Restate all the data word for word, leaving nothing out.

▶ Exercise inputs
....

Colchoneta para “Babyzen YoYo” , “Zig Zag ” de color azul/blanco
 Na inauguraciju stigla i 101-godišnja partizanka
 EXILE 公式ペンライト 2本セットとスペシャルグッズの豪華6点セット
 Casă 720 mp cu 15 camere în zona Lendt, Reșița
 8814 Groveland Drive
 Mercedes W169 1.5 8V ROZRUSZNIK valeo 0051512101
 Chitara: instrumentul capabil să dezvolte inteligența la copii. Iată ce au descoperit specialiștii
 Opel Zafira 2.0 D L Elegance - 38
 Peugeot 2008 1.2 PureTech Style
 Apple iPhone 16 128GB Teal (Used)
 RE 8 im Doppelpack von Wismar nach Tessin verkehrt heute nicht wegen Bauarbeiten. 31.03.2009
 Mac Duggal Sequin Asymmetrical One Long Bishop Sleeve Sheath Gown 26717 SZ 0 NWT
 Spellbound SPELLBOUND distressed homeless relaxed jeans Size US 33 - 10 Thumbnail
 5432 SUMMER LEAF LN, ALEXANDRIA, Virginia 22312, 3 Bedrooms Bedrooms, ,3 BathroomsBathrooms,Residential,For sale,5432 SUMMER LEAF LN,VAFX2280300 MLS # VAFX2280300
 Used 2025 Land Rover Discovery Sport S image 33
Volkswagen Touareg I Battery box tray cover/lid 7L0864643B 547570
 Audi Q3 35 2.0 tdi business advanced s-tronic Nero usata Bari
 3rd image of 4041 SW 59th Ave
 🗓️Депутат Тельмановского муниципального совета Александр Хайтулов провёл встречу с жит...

....

▶ Output of the exercise
Colchoneta para “Babyzen YoYo” , “Zig Zag ” de color azul/blanco
 Na inauguraciju stigla i 101-godišnja partizanka
 EXILE 公式ペンライト 2本セットとスペシャルグッズの豪華6点セット
 Casă 720 mp cu 15 camere în zona Lendt, Reșița
 8814 Groveland Drive
 Mercedes W169 1.5 8V ROZRUSZNIK valeo 0051512101
 Chitara: instrumentul capabil să dezvolte inteligența la copii. Iată ce au descoperit specialiștii
 Opel Zafira 2.0 D L Elegance - 38
 Peugeot 2008 1.2 PureTech Style
 Apple iPhone 16 128GB Teal (Used)
 RE 8 im Doppelpack von Wismar nach Tessin verkehrt heute nicht wegen Bauarbeiten. 31.03.2009
 Mac Duggal Sequin Asymmetrical One Long Bishop Sleeve Sheath Gown 26717 SZ 0 NWT
 Spellbound SPELLBOUND distressed homeless relaxed jeans Size US 33 - 10 Thumbnail
 5432 SUMMER LEAF LN, ALEXANDRIA, Virginia 22312, 3 Bedrooms Bedrooms, ,3 BathroomsBathrooms,Residential,For sale,5432 SUMMER LEAF LN,VAFX2280300 MLS # VAFX2280300
 Used 2025 Land Rover Discovery Sport S image 33
Volkswagen Touareg I Battery box tray cover/lid 7L0864643B 547570
 Audi Q3 35 2.0 tdi business advanced s-tronic Nero usata Bari
 3rd image of 4041 SW 59th Ave
 🗓️Депутат Тельмановского муниципального совета Александр Хайтулов провёл встречу с жит...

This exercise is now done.